Cette recension a été publiée dans le numéro de printemps de Politique étrangère (n°1/2018). Rachid Chaker propose une analyse de l’ouvrage de Laurence Louër, Sunnites et chiites. Histoire politique d’une discorde (Seuil, 2017, 252 pages).

Qu’est-ce que le chiisme ? Qu’est-ce que le sunnisme ? Chiites et sunnites ont-ils toujours été en guerre ? Assiste-t-on aujourd’hui à une nouvelle guerre de religions au Moyen-Orient ? Qui sont les Frères musulmans et que veulent-ils ? Alors que les réponses les plus simplistes à ces questions circulent fréquemment, l’ouvrage de Laurence Louër tombe à point nommé pour quiconque désire une compréhension approfondie et exhaustive des rapports entre les deux courants majeurs de l’islam.

Abordant leur naissance sur le plan à la fois théologique et politique, l’auteur analyse les divergences mais également les similitudes ­rencontrées par ces deux courants religieux dans leur développement au cours des siècles. Au-delà des préjugés les plus réducteurs, on y découvre que le chiisme s’est surtout avéré révolutionnaire lorsqu’il fut marginalisé et éloigné des sphères du pouvoir, puis s’est trouvé plus consensuel et moins radical lorsqu’il a pleinement été intégré aux sociétés musulmanes. Le sunnisme a également connu une trajectoire similaire, les oulémas adoptant l’obligation de suivre le gouverneur dès lors que celui-ci leur accorda statut et droit d’ingérence dans les affaires sociétales.

L’auteur analyse également les rivalités turco-persanes et explique le choix par les Safavides du chiisme comme religion officielle, et aborde avec précision l’émergence progressive, notamment avec la fin de l’Empire ottoman, d’un mouvement de renaissance islamique visant à rassembler les musulmans, par-delà les clivages confessionnels, dans une communauté de croyants pour faire face au colonialisme occidental. Y est ainsi abordée la naissance des Frères musulmans, fondés en Égypte par Hassan Al-Banna, qui parviendront via leur mainmise sur l’université Al-Azhar à influencer bon nombre de penseurs islamiques à travers le monde, au-delà des sunnites eux-mêmes, tandis que Sayyid Abul Ala Maududi fonda un mouvement quelque peu similaire en Asie. Dès lors, certains thèmes pourront fédérer les musulmans dans leur ensemble, à commencer par la cause palestinienne.
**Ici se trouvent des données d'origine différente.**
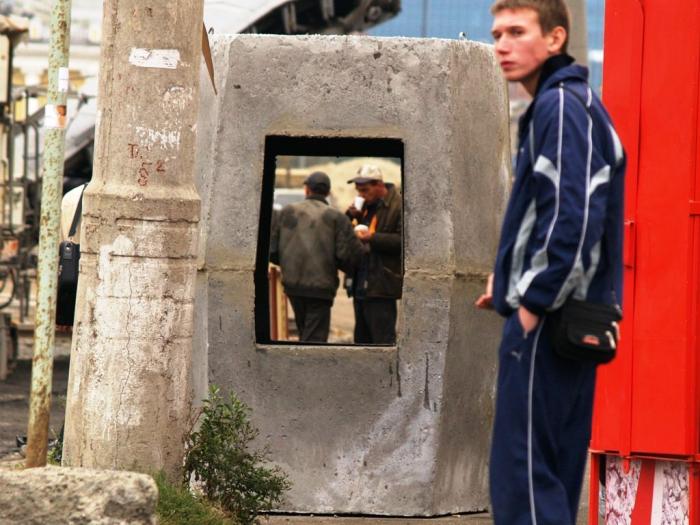 Фото Челябинск и челябинцы. Октябрь-2007
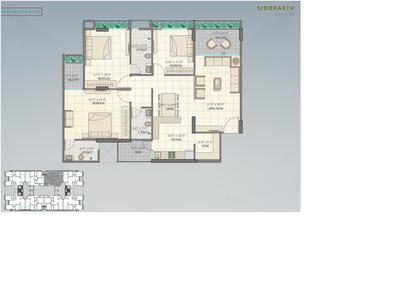 Shree Siddharth Skyline Brochure 22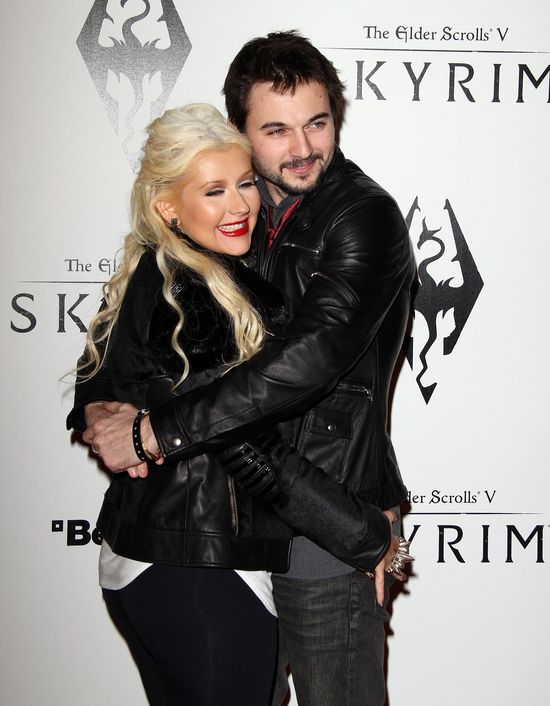 To najpiękniejsze zdjęcie na Instaramie Christiny Aguilery!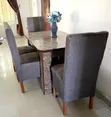 Home Interiors 4 Seater Dining Table - 2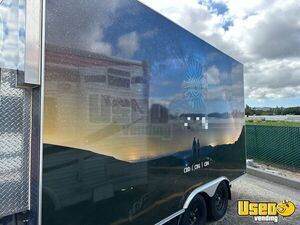 2021 Mobile Retail Store Trailer Other Mobile Business Removable Trailer Hitch California for Sale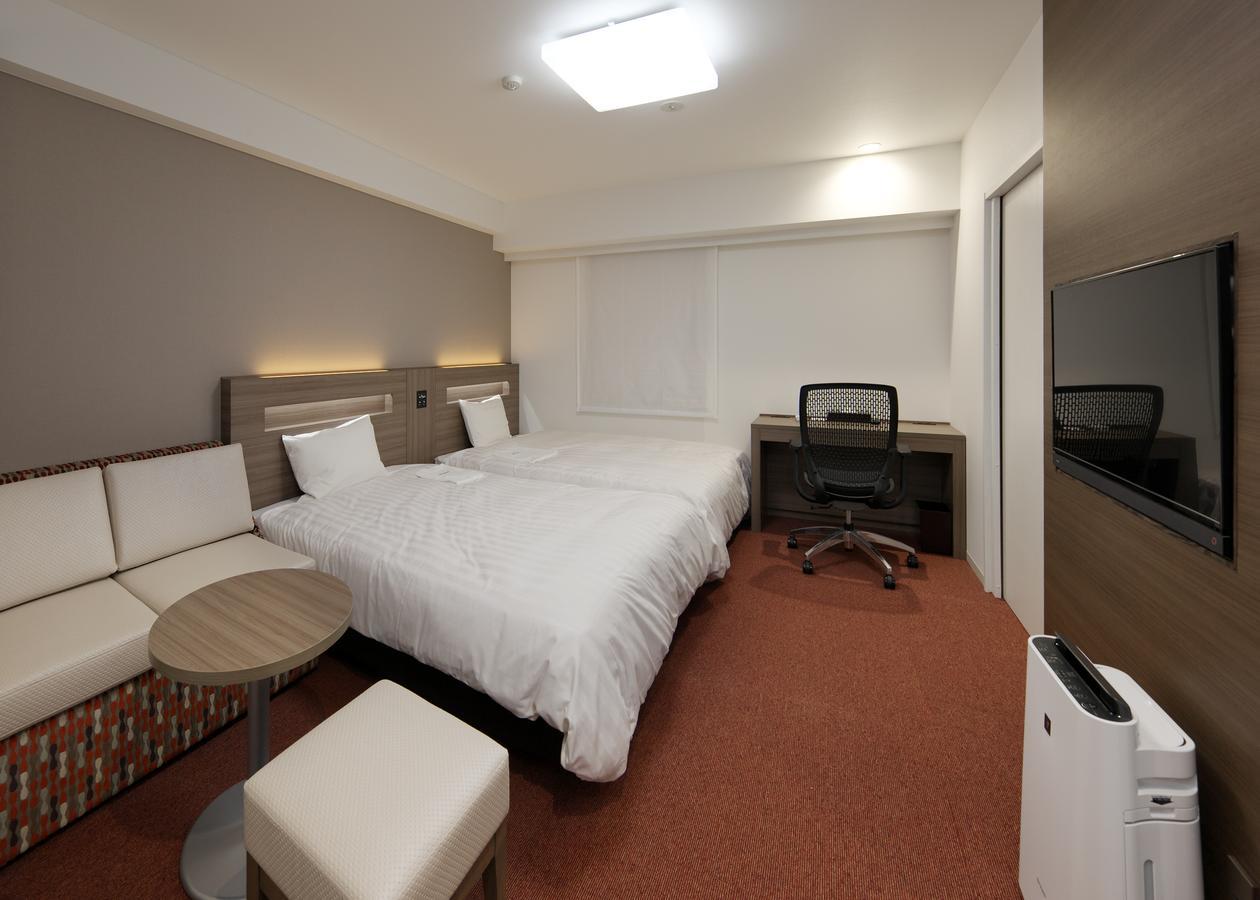 Hotel Green Core Bando Iwai Экстерьер фото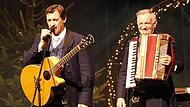 Die Ladiner, Joakin und Otto, sind seit dem Grand Prix der Volksmusik ein erfolgreiches Spitzenduo in ihrem Metier.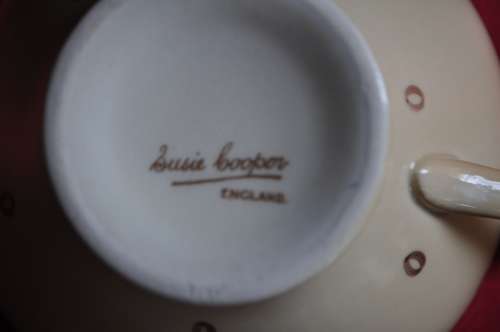 Susie Cooper Tea For Two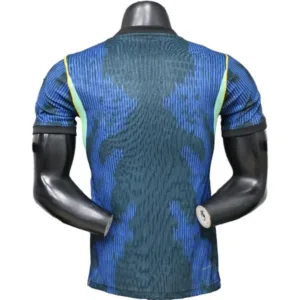 Brasil Camiseta Edición Jugadores 2026 Especial Azul - Camiseta Brasil | escamisetasfutbol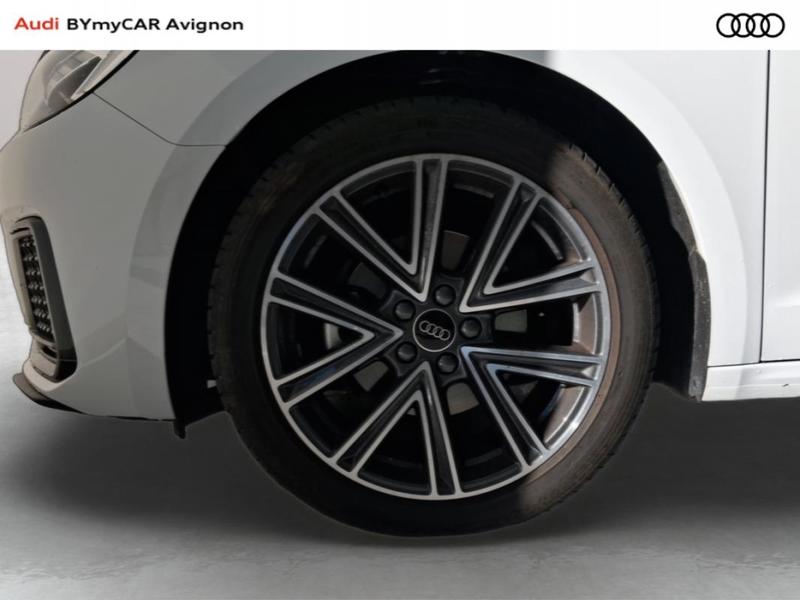 Audi A1 sportback 30 Tfsi 116 ch Bvm6 Advanced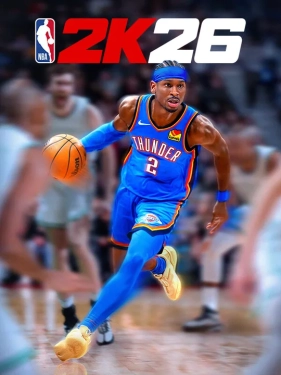 Jaquette NBA 2K26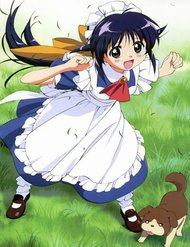 Truyện Mahoromatic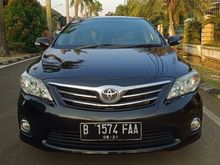 2011 Toyota Corolla Altis 1.8 G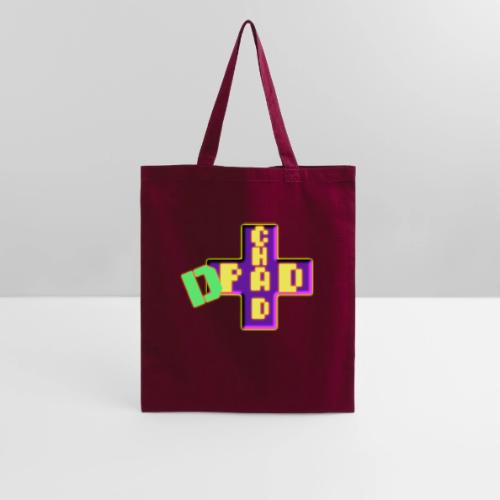 Dpad Chad Logo - Tote Bag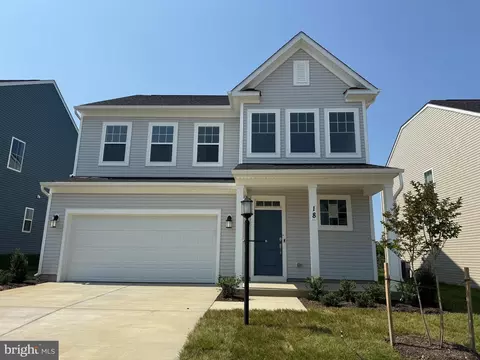 18 Trout Lily Rd #LOT 180 LAUREL, Ranson, WV 25438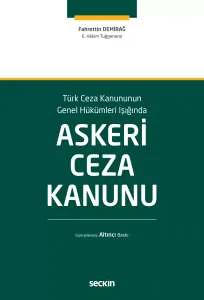Askeri Ceza Kanunu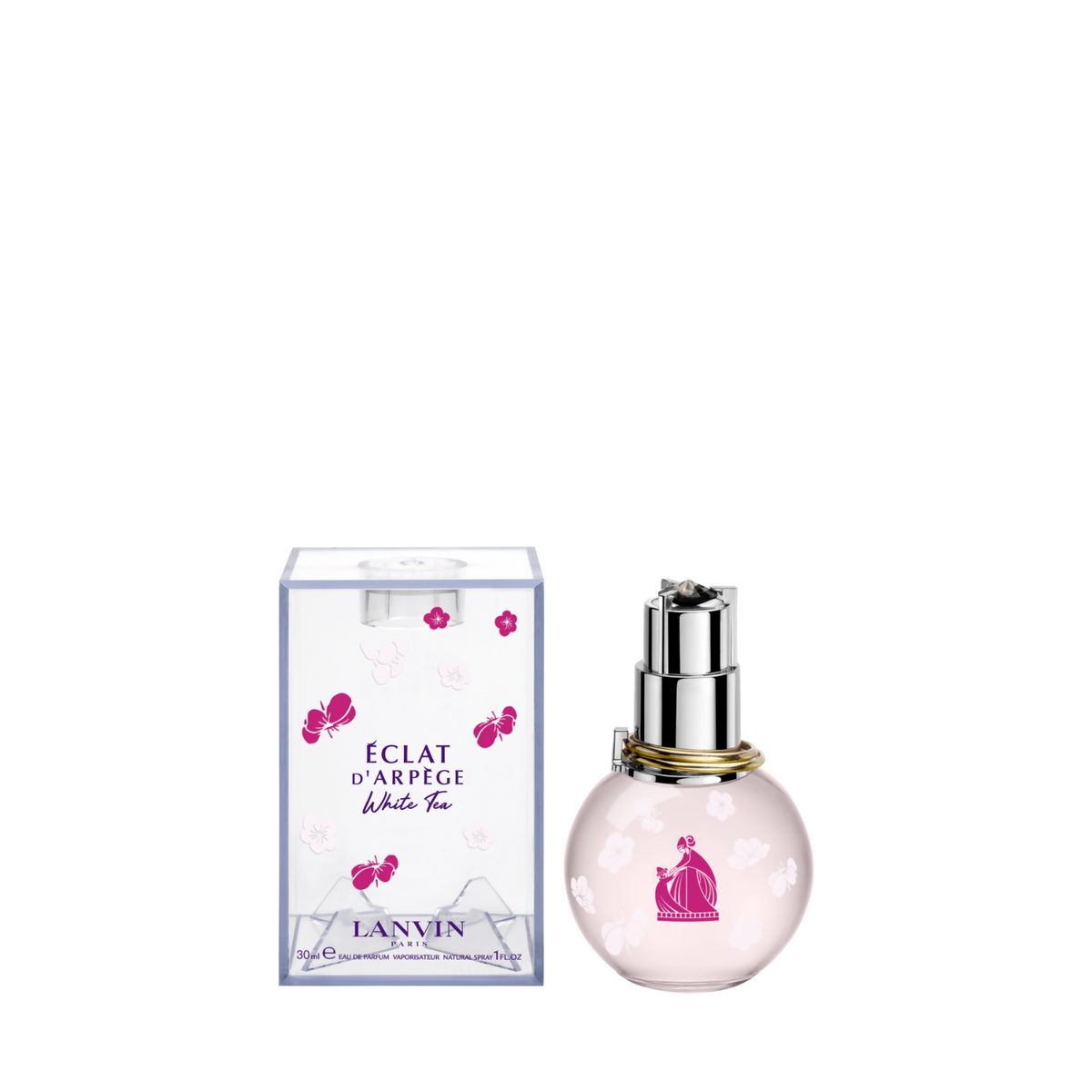 Lanvin Eclat D'Arpege White Tea EDP - Metro Singapore Departmental Store - Celebrating 69 Years in SG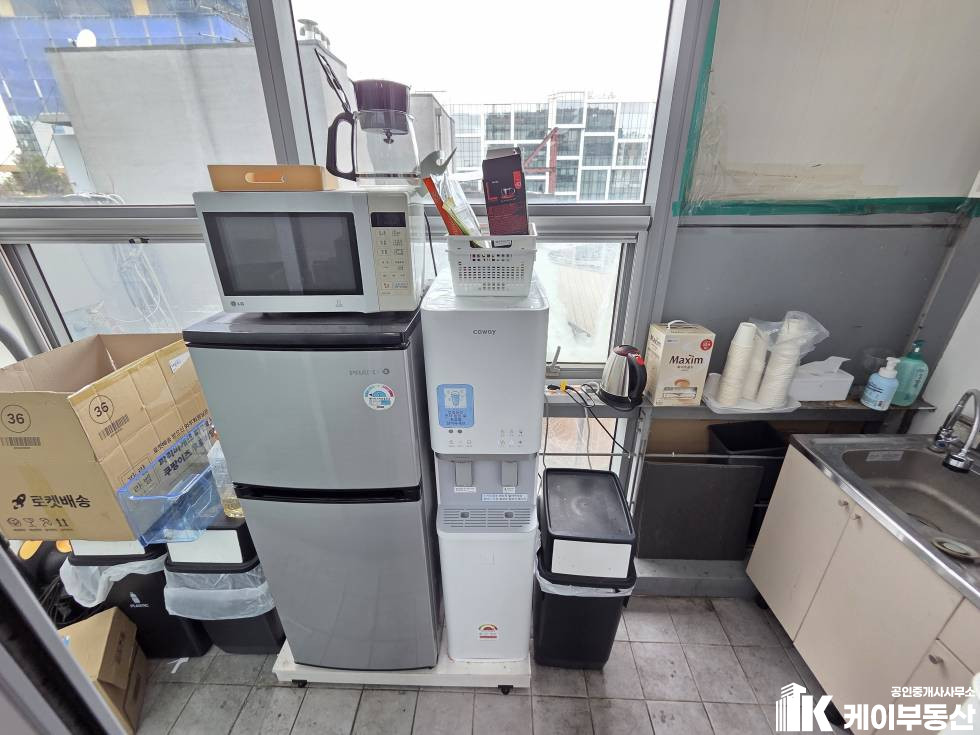 서울 영등포구 문래동3가 82-29 우리벤처타운2 / 8층 / 확장 90평 월세 매물번호 11785 사진 21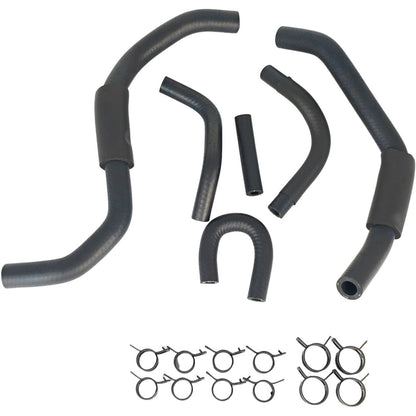Solid Spare Low Pressure Fuel Line Kit for Duramax 2006-2010 6.6L LBZ LMM Diesel Pickup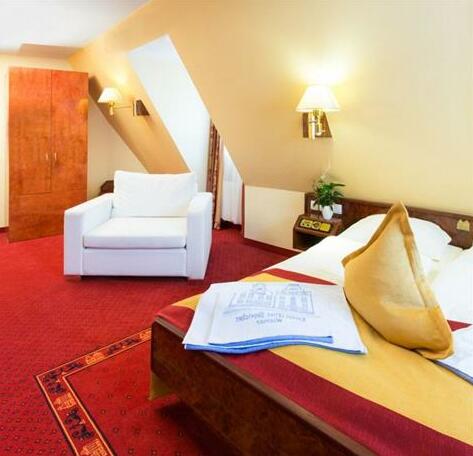 Hotel Alter Speicher Wismar - Photo4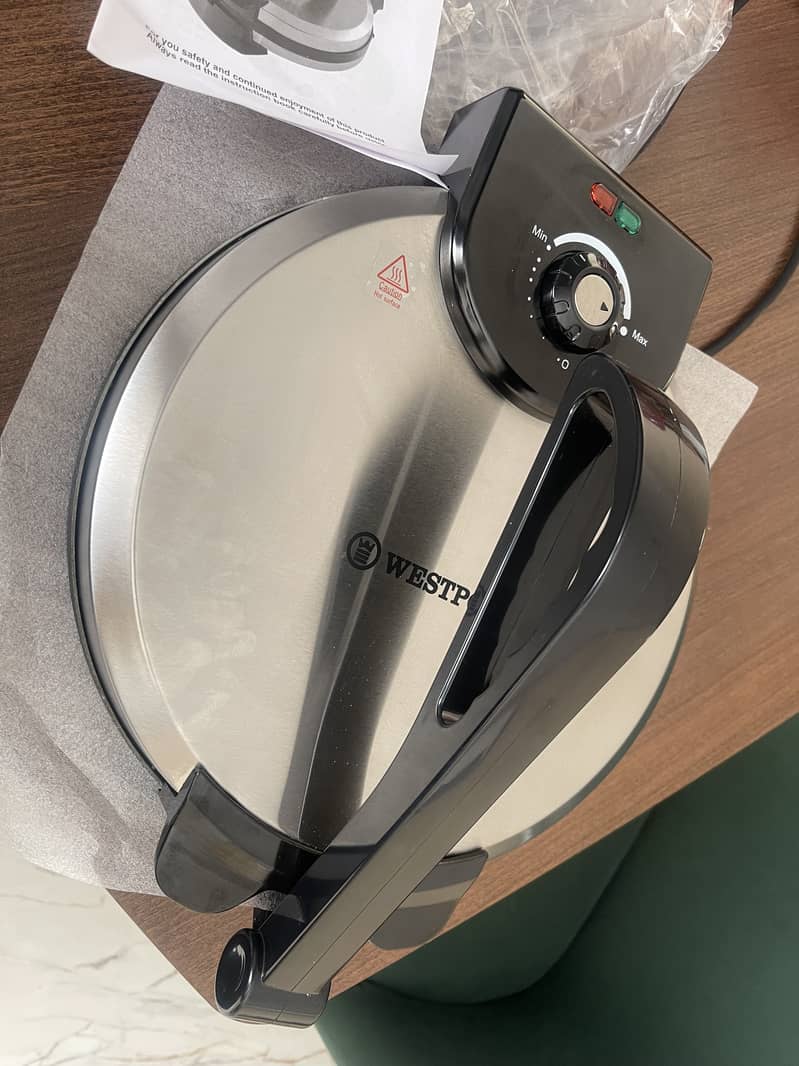 West Point roti maker 0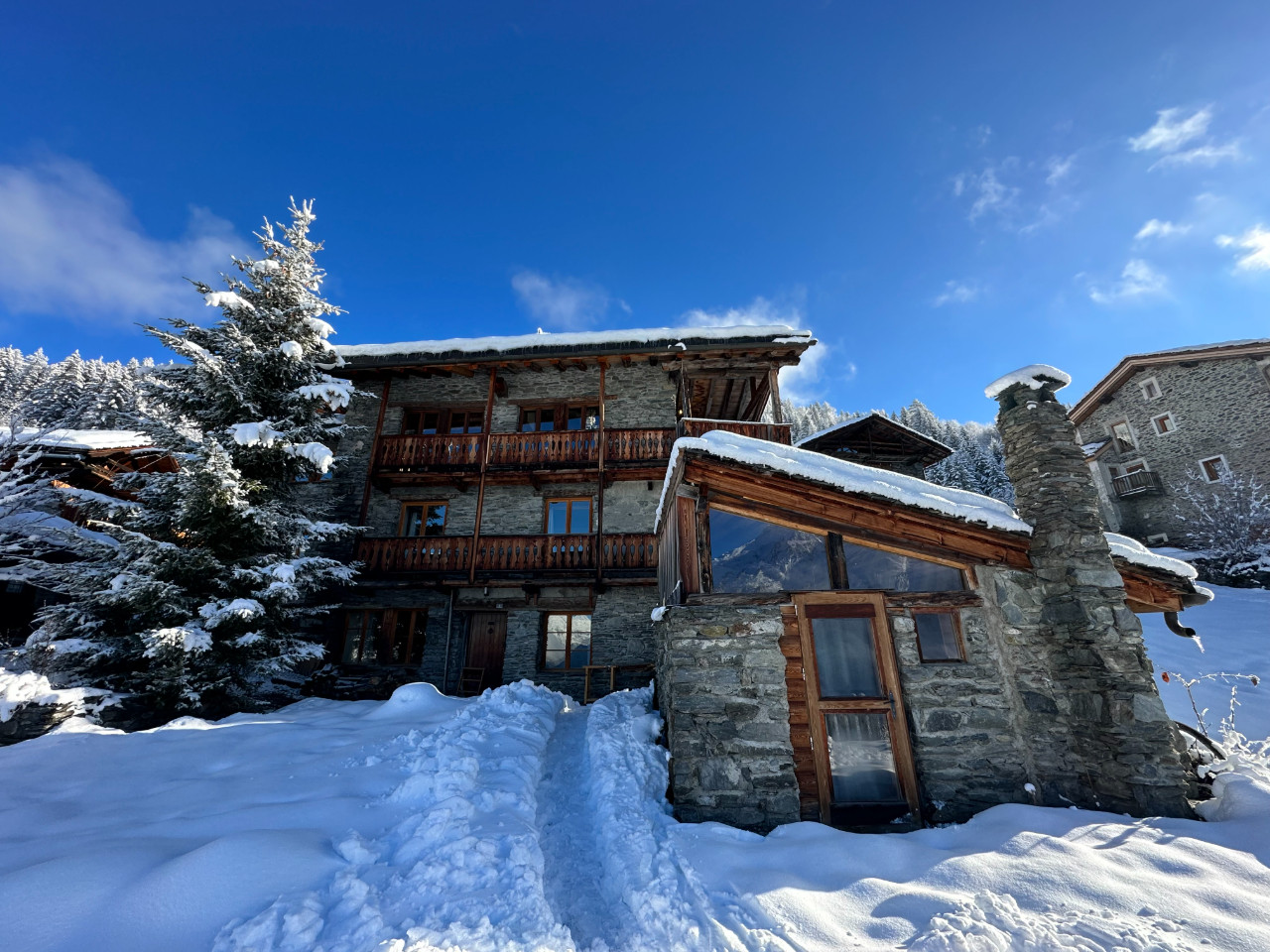 GreenGo Chalet Irène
Un focus est notamment fait sur l’Arabie Saoudite, maison mère du wahhabisme, et sur la stratégie du royaume et son instrumentalisation du fait religieux pour contrer l’influence d’abord nassérienne puis khomeyniste, hostile à la monarchie en place. L’Iran est également abordé, et son soutien à des organisations telles que le Hezbollah est relié à la stratégie d’influence de la nouvelle République islamique, dans un contexte de marginalisation sur la scène internationale.

Enfin, l’ouvrage se termine par une analyse pays par pays des différents foyers de tension actuels entre chiites et sunnites, du Moyen-Orient au sous-continent indien, mettant en lumière, au-delà des divergences théologiques, les rivalités politiques qui sont à l’origine de ces crispations. On y voit notamment que, derrière l’apparente opposition confessionnelle, se cache une lutte d’influence politique entre deux poids lourds régionaux, l’Arabie Saoudite et l’Iran, chacun accusant sa minorité confessionnelle d’allégeance politique au rival, au-delà de toute idéologie religieuse.

Voici un ouvrage complet, qui intègre les dimensions théologiques, politiques et historiques, et donc indispensable à quiconque désire comprendre à la fois la complexité des sociétés du Moyen-Orient et les enjeux politiques régionaux.